Your task is to find every line of the data that holds the string "Korean" and copy it.

Recorded data:

============

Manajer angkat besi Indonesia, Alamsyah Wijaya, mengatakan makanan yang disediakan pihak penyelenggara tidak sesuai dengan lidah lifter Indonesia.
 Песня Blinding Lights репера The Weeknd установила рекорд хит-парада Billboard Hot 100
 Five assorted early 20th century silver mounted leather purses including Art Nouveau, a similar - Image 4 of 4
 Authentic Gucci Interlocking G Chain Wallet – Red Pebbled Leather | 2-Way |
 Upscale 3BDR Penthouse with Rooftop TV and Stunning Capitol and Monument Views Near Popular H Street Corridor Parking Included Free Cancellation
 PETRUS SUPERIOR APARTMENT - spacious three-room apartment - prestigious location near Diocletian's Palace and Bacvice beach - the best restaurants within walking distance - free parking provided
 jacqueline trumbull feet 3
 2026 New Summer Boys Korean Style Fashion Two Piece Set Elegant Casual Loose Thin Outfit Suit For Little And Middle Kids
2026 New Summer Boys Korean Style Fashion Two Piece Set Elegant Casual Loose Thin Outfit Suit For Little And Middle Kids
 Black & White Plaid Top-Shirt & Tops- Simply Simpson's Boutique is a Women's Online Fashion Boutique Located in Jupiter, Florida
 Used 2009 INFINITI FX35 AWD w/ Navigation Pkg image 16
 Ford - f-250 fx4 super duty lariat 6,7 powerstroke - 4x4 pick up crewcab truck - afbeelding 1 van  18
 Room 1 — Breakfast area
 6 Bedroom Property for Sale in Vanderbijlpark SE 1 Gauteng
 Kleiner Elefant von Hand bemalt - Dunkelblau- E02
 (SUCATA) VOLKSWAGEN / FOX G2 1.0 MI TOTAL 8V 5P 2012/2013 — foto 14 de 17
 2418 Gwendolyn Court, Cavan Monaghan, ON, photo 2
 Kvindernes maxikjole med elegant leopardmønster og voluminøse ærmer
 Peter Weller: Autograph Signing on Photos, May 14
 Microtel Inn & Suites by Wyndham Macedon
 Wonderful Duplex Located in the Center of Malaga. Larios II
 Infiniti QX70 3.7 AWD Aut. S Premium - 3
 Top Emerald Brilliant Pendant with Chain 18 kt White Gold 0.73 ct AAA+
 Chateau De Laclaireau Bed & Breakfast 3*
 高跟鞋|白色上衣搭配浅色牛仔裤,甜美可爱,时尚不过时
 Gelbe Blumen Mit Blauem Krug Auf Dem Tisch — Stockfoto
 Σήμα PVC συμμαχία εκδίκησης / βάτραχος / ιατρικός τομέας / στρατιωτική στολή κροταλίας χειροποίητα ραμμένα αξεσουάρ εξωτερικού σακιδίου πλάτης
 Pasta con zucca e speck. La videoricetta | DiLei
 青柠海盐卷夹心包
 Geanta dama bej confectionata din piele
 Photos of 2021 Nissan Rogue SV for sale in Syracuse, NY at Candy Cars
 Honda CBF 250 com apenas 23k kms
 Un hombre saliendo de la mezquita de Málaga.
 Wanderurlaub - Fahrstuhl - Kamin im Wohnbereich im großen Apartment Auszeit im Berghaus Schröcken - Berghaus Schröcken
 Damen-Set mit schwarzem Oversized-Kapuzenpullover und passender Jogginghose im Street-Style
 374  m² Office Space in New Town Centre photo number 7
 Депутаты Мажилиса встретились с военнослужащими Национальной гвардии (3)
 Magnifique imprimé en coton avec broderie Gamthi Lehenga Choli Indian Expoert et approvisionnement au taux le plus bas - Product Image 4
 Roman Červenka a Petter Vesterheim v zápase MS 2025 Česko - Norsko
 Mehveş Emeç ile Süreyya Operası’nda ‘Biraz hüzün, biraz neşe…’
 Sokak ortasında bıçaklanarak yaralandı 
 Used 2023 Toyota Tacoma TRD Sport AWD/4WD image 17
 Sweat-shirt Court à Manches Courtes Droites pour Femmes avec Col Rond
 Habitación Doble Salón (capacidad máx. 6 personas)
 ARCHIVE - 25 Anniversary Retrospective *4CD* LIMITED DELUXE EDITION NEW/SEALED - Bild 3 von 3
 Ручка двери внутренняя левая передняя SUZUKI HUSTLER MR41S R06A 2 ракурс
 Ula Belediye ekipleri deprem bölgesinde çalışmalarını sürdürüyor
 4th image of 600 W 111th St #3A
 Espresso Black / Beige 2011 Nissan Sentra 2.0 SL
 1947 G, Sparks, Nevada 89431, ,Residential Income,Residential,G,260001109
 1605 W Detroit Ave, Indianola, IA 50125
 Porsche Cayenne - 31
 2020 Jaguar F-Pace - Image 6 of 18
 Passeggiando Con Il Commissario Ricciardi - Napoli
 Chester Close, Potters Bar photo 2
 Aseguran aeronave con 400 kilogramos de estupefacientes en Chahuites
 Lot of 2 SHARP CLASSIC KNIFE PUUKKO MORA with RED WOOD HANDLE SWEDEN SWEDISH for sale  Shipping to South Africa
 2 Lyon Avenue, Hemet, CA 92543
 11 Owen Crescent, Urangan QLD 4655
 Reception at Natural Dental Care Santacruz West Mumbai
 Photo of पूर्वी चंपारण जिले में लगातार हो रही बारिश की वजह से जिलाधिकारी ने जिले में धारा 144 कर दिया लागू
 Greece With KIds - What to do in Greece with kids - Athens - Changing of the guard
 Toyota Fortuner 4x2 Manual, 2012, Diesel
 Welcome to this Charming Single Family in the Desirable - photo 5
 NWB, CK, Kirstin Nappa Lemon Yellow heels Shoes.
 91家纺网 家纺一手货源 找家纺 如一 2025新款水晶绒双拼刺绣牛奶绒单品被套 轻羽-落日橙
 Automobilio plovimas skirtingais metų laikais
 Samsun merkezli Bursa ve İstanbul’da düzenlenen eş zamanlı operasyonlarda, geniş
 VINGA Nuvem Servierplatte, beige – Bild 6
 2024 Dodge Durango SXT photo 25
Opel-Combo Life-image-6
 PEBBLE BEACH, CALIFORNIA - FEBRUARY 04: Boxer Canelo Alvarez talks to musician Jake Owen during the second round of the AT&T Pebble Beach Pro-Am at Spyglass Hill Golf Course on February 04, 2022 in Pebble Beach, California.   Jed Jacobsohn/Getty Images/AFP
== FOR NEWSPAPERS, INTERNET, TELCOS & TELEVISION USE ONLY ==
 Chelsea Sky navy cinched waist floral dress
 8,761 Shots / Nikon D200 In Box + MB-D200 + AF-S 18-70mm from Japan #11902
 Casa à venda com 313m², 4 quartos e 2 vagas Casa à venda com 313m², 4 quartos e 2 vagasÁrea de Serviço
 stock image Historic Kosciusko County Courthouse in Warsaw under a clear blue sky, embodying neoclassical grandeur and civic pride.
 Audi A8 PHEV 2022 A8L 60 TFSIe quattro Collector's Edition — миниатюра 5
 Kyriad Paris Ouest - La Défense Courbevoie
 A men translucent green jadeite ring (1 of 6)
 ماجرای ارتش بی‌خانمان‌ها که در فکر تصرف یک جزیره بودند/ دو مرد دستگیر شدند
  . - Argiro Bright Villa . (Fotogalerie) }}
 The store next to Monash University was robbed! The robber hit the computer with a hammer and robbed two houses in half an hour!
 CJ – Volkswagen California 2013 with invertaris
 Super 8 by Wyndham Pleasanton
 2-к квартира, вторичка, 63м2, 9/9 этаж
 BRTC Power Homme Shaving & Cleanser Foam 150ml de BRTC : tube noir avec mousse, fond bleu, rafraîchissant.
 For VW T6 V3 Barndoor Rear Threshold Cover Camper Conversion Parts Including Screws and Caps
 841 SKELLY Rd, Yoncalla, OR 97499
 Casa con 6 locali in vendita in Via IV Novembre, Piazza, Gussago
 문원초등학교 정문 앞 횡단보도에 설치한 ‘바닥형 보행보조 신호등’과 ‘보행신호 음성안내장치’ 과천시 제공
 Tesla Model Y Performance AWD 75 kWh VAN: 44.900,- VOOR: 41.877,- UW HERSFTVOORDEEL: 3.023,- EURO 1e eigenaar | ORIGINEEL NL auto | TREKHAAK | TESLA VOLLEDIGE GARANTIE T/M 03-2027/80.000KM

============

◆ OUTPUT FOR THIS TASK ◆
 2026 New Summer Boys Korean Style Fashion Two Piece Set Elegant Casual Loose Thin Outfit Suit For Little And Middle Kids
2026 New Summer Boys Korean Style Fashion Two Piece Set Elegant Casual Loose Thin Outfit Suit For Little And Middle Kids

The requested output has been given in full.